Corrosion and wear resistance of hypoeutectic Zn-Al alloys as a function of structural features

Abstract

The aim of the present research was to investigate the role of the type of grain macrostructure (columnar, columnar-to-equiaxed transition-CET -, and equiaxed) and microstructure (secondary dendrite arm spacing - λ 2) in the wear and electrochemical behavior of hypereutectic Zn-Al alloys (Zn-1wt%Al, Zn-2wt%Al, Zn-3wt%Al and Zn-4wt%Al) directionally solidified in a vertical upward directional solidification device. We also aimed to, correlate the thermal parameters with the electrochemical and wear properties.
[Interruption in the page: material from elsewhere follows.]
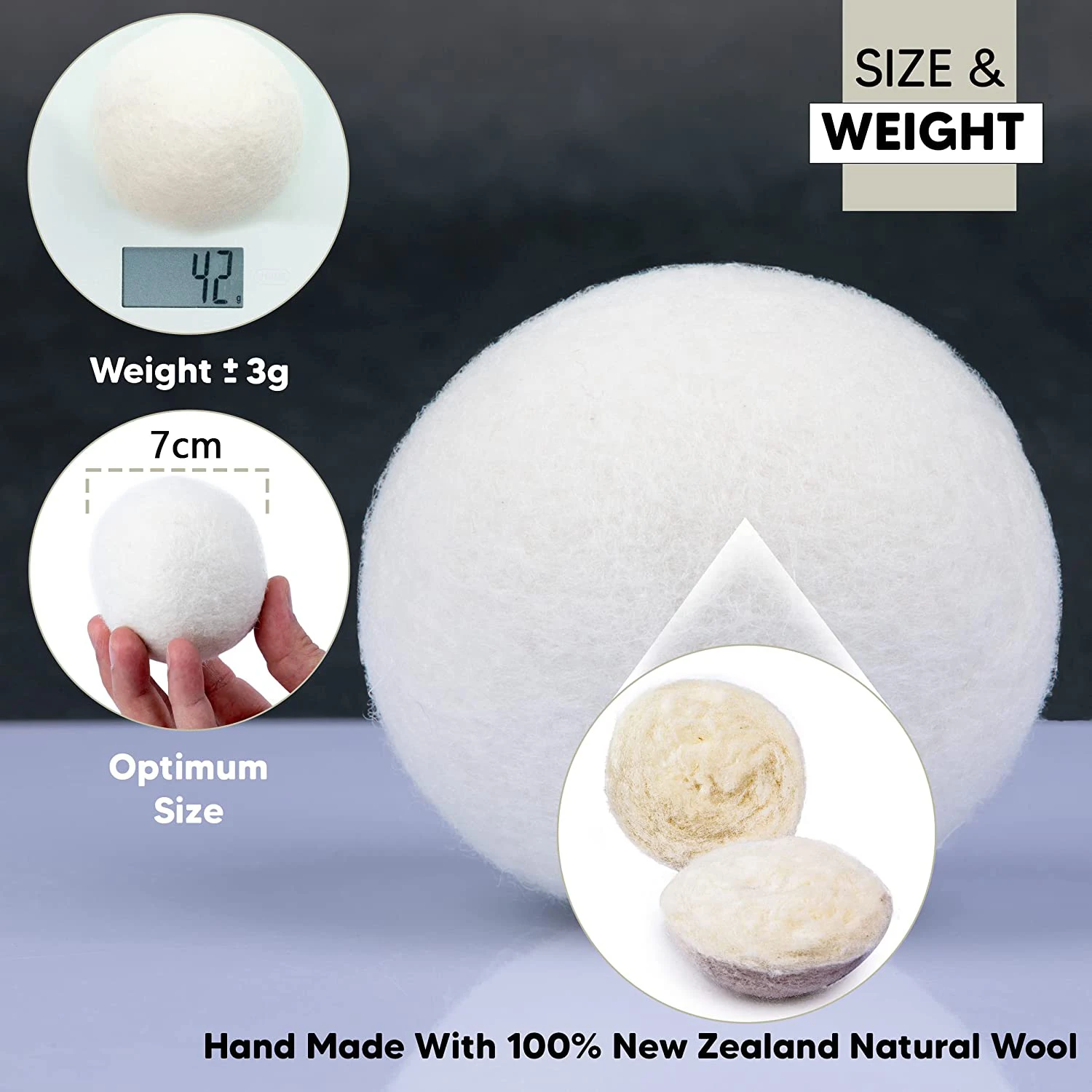 Wool Dryer Balls 7CM Premium Natural Fabric Softener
The results obtained in this alloy system indicate that the corrosion resistance decreases as the concentration of aluminum increases, but that at the highest concentrations (near the eutectic concentration) this resistance depends on the structure. For the same wear conditions, the wear rate of the equiaxed region is lower than the columnar and transition regions. Independently of the type of structure, wear resistance increases as the aluminum concentration increases. For each alloy concentration, the wear resistance increases from the columnar to the equiaxed structure. A clear inverse relation is observed between the wear resistance and λ 2, which may explain the increase in wear resistance in the equiaxed region. At low spacings, the wear rate converges to a single value.